Unless you have no full time employment, and plenty of knowledge and experience, I would suggest hiring a builder. You can however save quite a bit by being diligent in the design stage.


----------



## sisco (Oct 18, 2011)

redseal - being a builder, I'm curious to hear your opinion on modular (engineered) homes. The manufacturers state that they can build a similar home for 10-15% less than a site-built home. Have you had any experience with these? Some of the manufacturers (MapleLeaf Homes being one) offer some interesting designs for small <1000sqft homes, and also some "eco" homes that are designed to be highly efficient and use environmentally friendly materials.


----------



## hystat (Jun 18, 2010)

chaudi said:


> small efficient winterize cabin close to Toronto.


Where specifically?
Most municipalities near Toronto have zoning laws that prevent that sort of building. 
Start with city hall before doing too much reading/planning.

Regardless, buying is always cheaper than building. Building is for those who cannot find what they want.


----------



## chaudi (Sep 10, 2009)

Well i'd like a large detached bachelor which kind of hard to find in a house. It seems much better to build this kind of house. For example i don't need a 1 bedroom because it is easy to heat a large room to use as living room, bedroom, dinning room. Bathroom and kitchen i prefer small, with a nice shower stall. Kitchen i don't need a large refrigerator or oven. 2 burners and small beer fridge would be fine. 
I'd like the whole house in 12v with wind/solar generators. Heating would be gas as the stove and fridge. Could be 12v heaters too. Toilet I'm thinking chemical. 
Using shipping containers seems the cheapest way. 
I wonder how much it would cost to furnish two shipping containers with wood on the inside and insulation and siding on the outside?


----------



## underbidbob (Jan 23, 2012)

There's a TON of info on this topic. If you google "build your own house" you'll get 226 million results and find 443 books on Amazon.

Dig through some of a it and figure out what you're looking to do (build it entirely yourself, live off of the grid, have lower environmental impact, save money by acting as a general contractor yourself, etc, etc, etc). Once you know more precisely what your goal is you'll probably be able to find recommendations for specific resources.


----------



## hystat (Jun 18, 2010)




----------



## Barwelle (Feb 23, 2011)

Google is your best friend. I did a search for cabin kits Ontario and found this... http://www.cabinkits.ca/sample1.htm they have a 480sf model. Bedroom is separate but the site says you can have them modify their designs for you. You do have to be handy enough to assemble it yourself, or pay them extra to completely build it, but this would fall under your less-than-100k requirement. You would also have to acquire some space to put this on though... That won't be cheap. And foundation cost isn't included.

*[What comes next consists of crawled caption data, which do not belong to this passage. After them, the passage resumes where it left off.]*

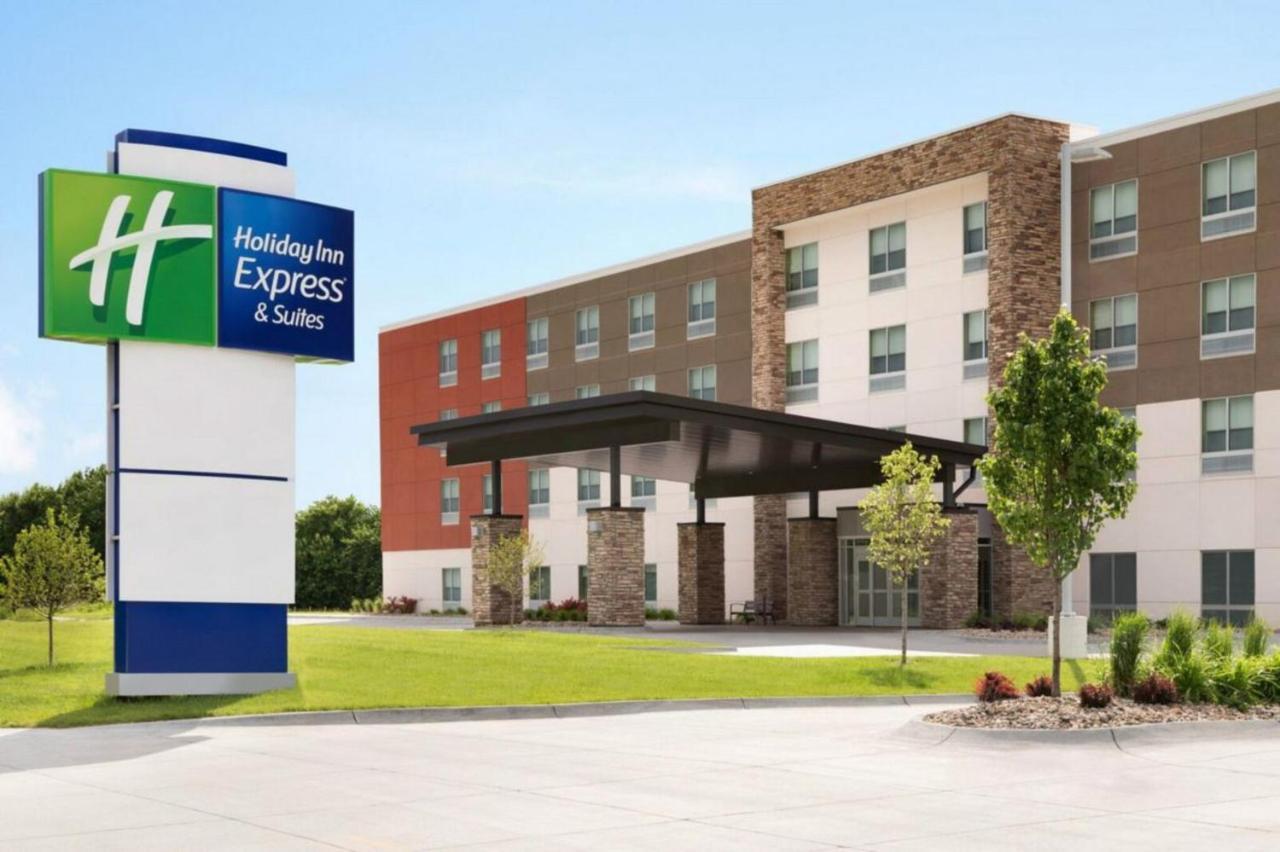 Holiday Inn Express & Suites - Rock Hill, An Ihg Hotel Exterior photo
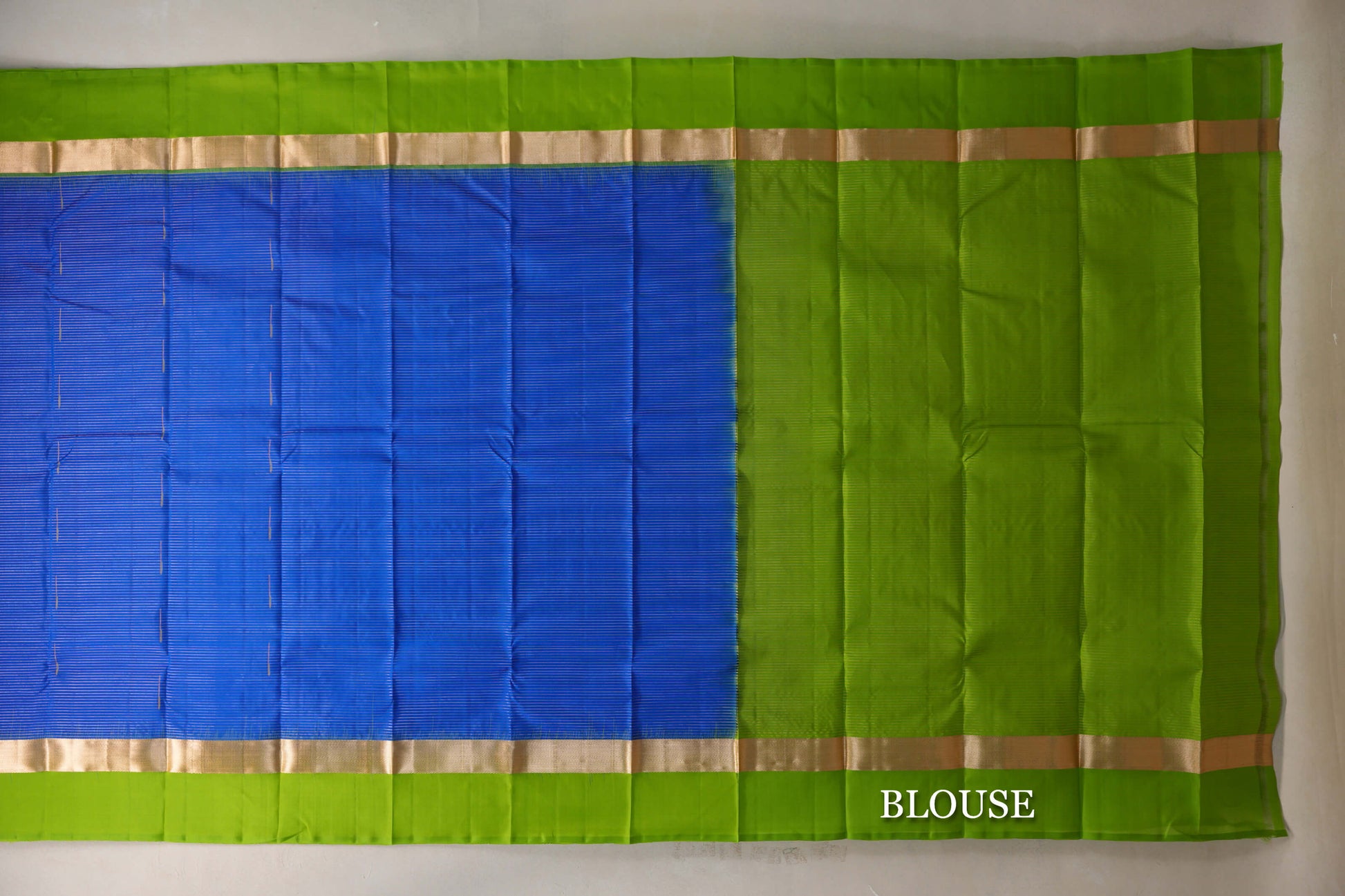 Deep Blue with Parrot Green Borders Light Weight Kanjivaram Silk Saree blouse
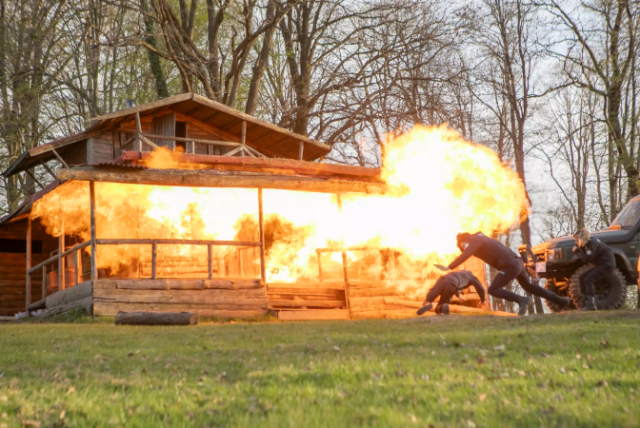 Hüsnü, çocukları için kendini feda ediyor! Hüsnü öldü mü? Arka Sokaklar bu akşam var mı? Arka Sokaklar son bölüm kesintisiz, full, HD izle!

Google small house movement. There are some interesting blogs and such on this topic.


----------



## amit.dutta1512 (Jan 21, 2017)

*contact*



sisco said:


> redseal - being a builder, I'm curious to hear your opinion on modular (engineered) homes. The manufacturers state that they can build a similar home for 10-15% less than a site-built home. Have you had any experience with these? Some of the manufacturers (MapleLeaf Homes being one) offer some interesting designs for small <1000sqft homes, and also some "eco" homes that are designed to be highly efficient and use environmentally friendly materials.


I need more inputs regarding building a house , who can help


----------



## Mukhang pera (Feb 26, 2016)

amit.dutta1512 said:


> I need more inputs regarding building a house , who can help


Unlike the OP, who provided a bit of detail over several posts, you have provided absolutely no background for your question, such as where, what kind of house, budget etc., just for starters. I would expect you to generate little response to what you have (not) provided.

I have built 2 houses, a cabin, and a handful of outbuildings, but my experience may be wholly irrelevant to what you have in mind.


----------



## Pop Alexandra (May 8, 2018)

I wouldn't try building a house just yet, but I did finish a cabin from a Summerwood plan this spring. Baby steps...


----------



## Mortgage u/w (Feb 6, 2014)

Buy a mobile home instead.


----------



## OhGreatGuru (May 24, 2009)

chaudi said:


> Any ideas about building your own house. I always wanted to build a small efficient winterize cabin close to Toronto. I imagine it would be much cheap and better than buys someone else old house. Here's one that been for sale for a while. I wonder couldn't a small house be built for cheaply 50-100k? I'm thinking DYS with some hire help.


If you have to ask, you are probably not qualified to DIY a project like this, and certainly not for the budget you are thinking of. Your second post merely confirms my first impression.


----------



## twa2w (Mar 5, 2016)

The original post on this thread was in 2012. 
The OP subsequently bought a house and had some issues which they brought up on this forum for advice. I dont believe they have posted since 2017.


----------